“The world of the future will be an even more demanding struggle against the limitations of our intelligence, not a comfortable hammock in which we can lie down to be waited upon by our robot slaves.” ― Norbert Wiener
We've all probably used our phone's Face Recognition feature to unlock it. In this article, we are going to understand how our phones turn our images into arrays which can then be processed by computers.
What is Computer Vision?
To get a clearer picture of how Images are turned into arrays in Machine Learning let us understand what Computer Vision is.
According to Wikipedia, Computer vision is an interdisciplinary scientific field that deals with how computers can gain high-level understanding from digital images or videos.
In simple words, It is a field of AI which deals with how computers see.
How Images are turned Into Arrays
To begin with, a camera records the amount of light reflected in it from the surfaces of objects(data) in a 3D scene/environment.
This data is then transmitted to electrical signals which vary proportionately to the intensity of reflected light.
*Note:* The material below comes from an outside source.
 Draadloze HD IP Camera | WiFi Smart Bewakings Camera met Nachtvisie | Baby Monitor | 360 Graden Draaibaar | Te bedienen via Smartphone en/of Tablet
A convertor then changes(converts) the analog electrical signal into digital information for the computer by sampling the signal at regular intervals and translating each electrical signal into a number representing a position on a range of brightness/intensity on a GrayScale.
The numbers then form a two-dimensional grid called a gray level array, each value in the array constitutes a pixel (picture element) of the digitized image. Computer Vision systems commonly use grayscale with values ranging from Zero-255, Zero represents the darkest areas of the image while 255 represents the lightest parts of the image.
Color images make use of separate measurements each for the amount of Red, Green, and Blue reflected from the image/scene. The measurements are then translated into three separate arrays of brightness values, each varying from Zero to 255. This is why Color Images take more time to process than black and white images.
How Images are turned Into Arrays(Broken Down Version)
When a camera records a live scene for a computer Vision neural network, it records the amount of light reflected from the surface of the object in a 3d scene/environment.
This reflection data is then transmitted as electrical signals which increase or decrease based on the intensity of the light reflected from the body of the object.
A convertor then changes the electrical signals into digital information for the computer by continuously going through the entire surface of the object in question, each electrical signal is then transmitted into a number representing a position of intensity(either bright or dark), the number in question is graded according to something called the grayscale.
The grayscale is mostly made up of numbers from zero to 255 , it provides number ranges based on the intensity of light reflection gotten from the object with zero as the darkest point and 255 being the lightest point.
These numbers then form a two-dimensional grid array with each digit in the array representing a pixel(Picture Element) in the Object/Picture.
In simple words, the two-dimensional array represents the image and the numbers represent the pixel.
Colored pictures require the creation of 3 different arrays for brightness values each containing digital info on Red, Green, and Blue wavelengths gotten from the object reflection. This is why Colored Pictures/Objects take way more time to process than Black and White Images.